The lines to return are those from the line holding "サンリオ メロクロくじ" through the last line of the entries below, both included, written exactly and without pictures.
==== Source data
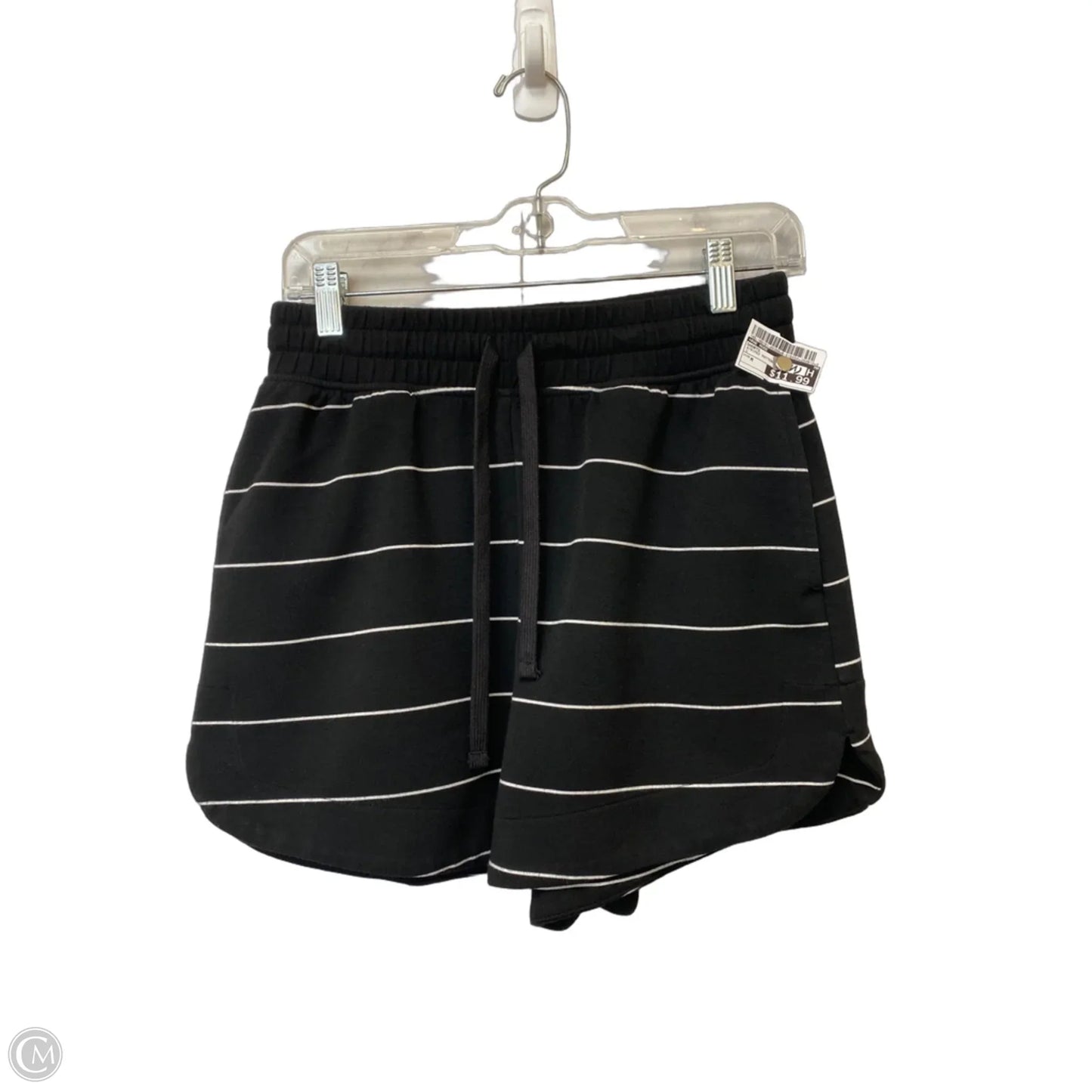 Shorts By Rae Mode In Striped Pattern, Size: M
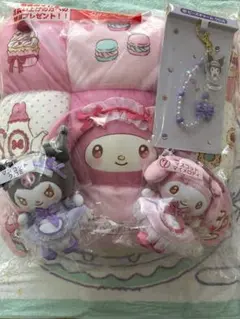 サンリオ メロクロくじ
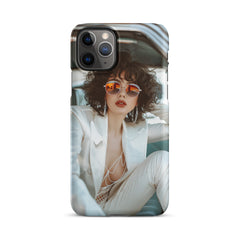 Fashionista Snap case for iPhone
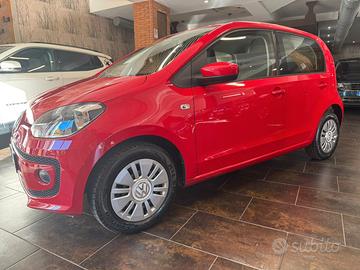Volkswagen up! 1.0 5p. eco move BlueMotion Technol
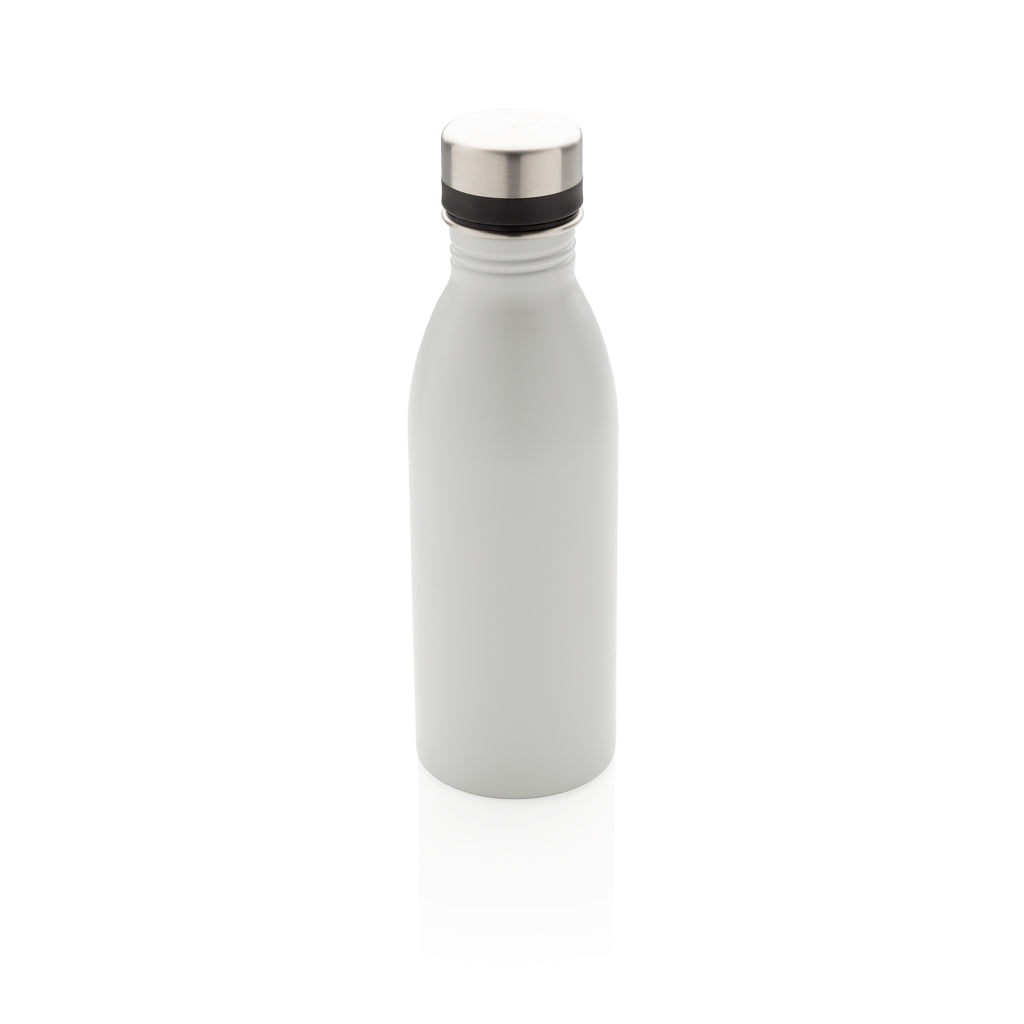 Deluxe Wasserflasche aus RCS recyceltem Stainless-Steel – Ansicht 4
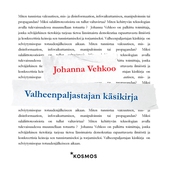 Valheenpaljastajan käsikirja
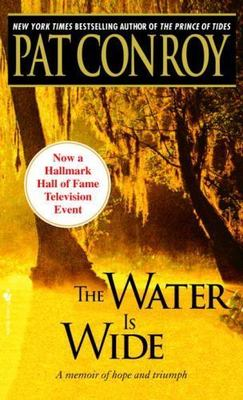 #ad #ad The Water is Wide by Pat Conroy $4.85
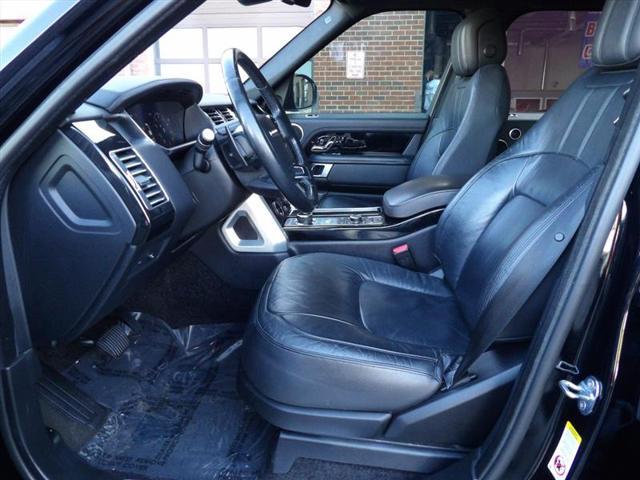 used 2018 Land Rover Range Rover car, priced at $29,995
========
> [Response]:
 サンリオ メロクロくじ
 Fashionista Snap case for iPhone
Volkswagen up! 1.0 5p. eco move BlueMotion Technol
 Deluxe Wasserflasche aus RCS recyceltem Stainless-Steel – Ansicht 4
 Valheenpaljastajan käsikirja
 #ad #ad The Water is Wide by Pat Conroy $4.85
 used 2018 Land Rover Range Rover car, priced at $29,995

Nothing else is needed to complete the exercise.